This article is to help you understand the meaning of asset accounting.
Let’s first understand what is asset
The item which has an economic value and is expected to provide benefit in future periods.
Assets in an organization can broadly be divided into two categories
Asset which can convert into cash or be consumed within one year is referred as current asset.
Long term asset or fixed asset:
Assets which are not expected to be converted into cash or consumed within a year are called long term asset. Benefit of such asset goes beyond one year.
What is asset accounting?
Every company has to report current asset and fixed asset in its balance sheet. Hence company needs to record all the transactions of the asset.
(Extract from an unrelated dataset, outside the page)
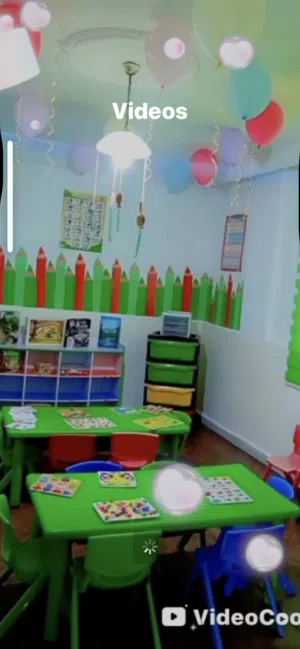 للشراء او للشراكة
Some of the transaction involving asset is listed below:
Asset can be acquired (purchased from vendor or build in house)
Asset depreciation/ amortization:
Asset can be put to use and hence economic value of asset should reduce. The amount by which asset value is reduced is called depreciation (in case of tangible asset) and amortization (in case of intangible asset.)
Net book value = acquisition value – total depreciation amount
Asset can be transferred from one department to another department, from one plant to another plant, from one company code to another company code etc.
Asset can be sold to customer for certain amount.
Asset which is no longer of use can be discarded or scraped.
Whenever asset transaction happens, recording and reporting of transaction along with financial impact (accounting document) is referred as asset accounting.